One study has estimated that in people aged younger than 20 years, the incidence of myocarditis with COVID-19 is 450 per 1 million, “but there is incomplete assessment of a lot of these folks,” Goldberg said. “The good news is that fulminant myocarditis is very rare in the general population.”

Mechanisms affecting the heart

Mechanisms of cardiac injury from COVID-19 include systemic inflammatory response syndrome, oxygen supply-demand ischemia, ACE-2-mediated direct damage and cardiac microvascular injury, he said.

In most cases of COVID-19-induced myocarditis, SARS-CoV-2 remains outside the cardiac cells, “which suggests that COVID-19 itself may not be very cardiotropic. This becomes important when we start talking about vaccines and myocarditis,” Goldberg said. “Vaccines may trigger myocarditis because it’s not the virus itself, it’s the immune response to the virus that triggers the myocardial inflammation. Maybe that’s the pathway we need to focus on.”
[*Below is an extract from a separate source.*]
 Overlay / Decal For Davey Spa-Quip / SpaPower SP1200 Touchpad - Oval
Severity of COVID-19 does not predict cardiac involvement, nor does preexisting CV risk factors, he said.

Using standard HF medications to treat COVID-19-induced myocarditis is common, and some patients may need mechanical circulatory support, he said.
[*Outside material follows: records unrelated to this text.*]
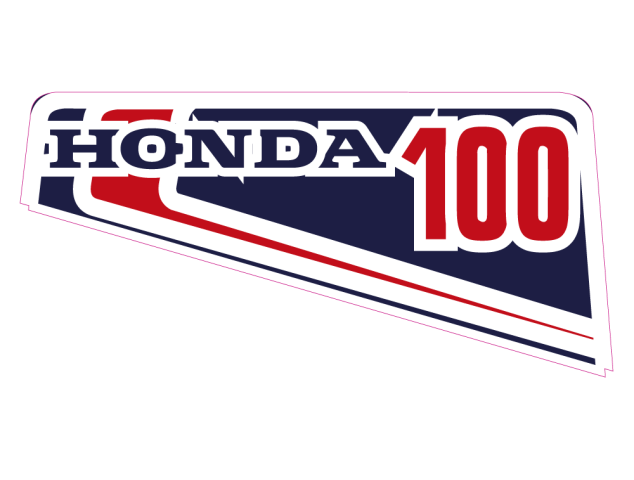 autocollant HONDA_100_GAUCHE - Stickers Honda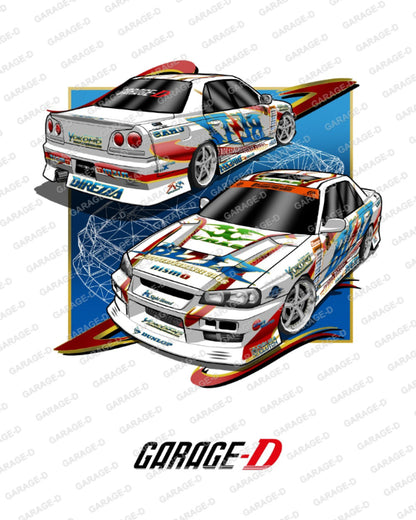 GARAGE-D - BLITZ X URAS ER34 A2 POSTER
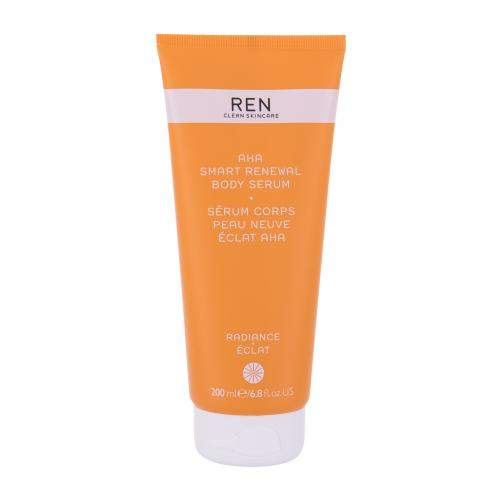 REN Clean Skincare Radiance AHA Smart Renewal hydratační a exfoliační tělové sérum 200 ml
Nonsteroidal anti-inflammatory drugs, colchicine and prednisone are used if pericardial involvement is suspected, while IV corticosteroids may be used if COVID-19-induced myocarditis and the patient is hemodynamically compromised or has MIS-A, and empiric corticosteroids can be used in patients with shock, Goldberg said.

Myocarditis after COVID-19 vaccination is rare and when it appears, tends to occur in young men, usually after the second dose. It should be diagnosed similarly to how COVID-19-induced myocarditis is, “but the outcomes seem to be very, very good,” Goldberg said.

Anticoagulation should be considered if a thrombotic cause is suspected, he said.

Considerations in transplant patients

Mortality among patients with heart transplant who contract COVID-19 is around 25%, but corticosteroids seem to help this population and those who are vaccinated usually do better, he said. He added that mortality for patients on ventricular assist devices with COVID-19 is also high, around 15%.

If possible, patients with advanced HF should be vaccinated against COVID-19 before their heart transplant, because response is not as good in the first year after transplant, Goldberg said. If vaccination is done after transplant, there should be three doses at first followed by one booster later, as this strategy increases response, he said. The monoclonal antibodies tixagevimab and cilgavimab can be administered every 6 months to this population, he added.

For patients with heart transplant who get COVID-19, the best treatments appear to be monoclonal antibodies, remdesivir (Veklury, Gilead Sciences) and dexamethasone, Goldberg said.

“COVID-19 is associated with a variety of cardiovascular complications and the unifying mechanism appears to be inflammation,” Goldberg said. “That can persist up to 12 months, even with therapy. Myocarditis is mild in most cases but can be fulminant, but the vast majority recover. Thrombotic complications are common and lead to stroke and MI. Heart transplant patients are extremely high risk for COVID-19 complications and mortality, and that’s why prophylaxis even with monoclonal antibodies and pre-transplant vaccination is critical to protect that population.”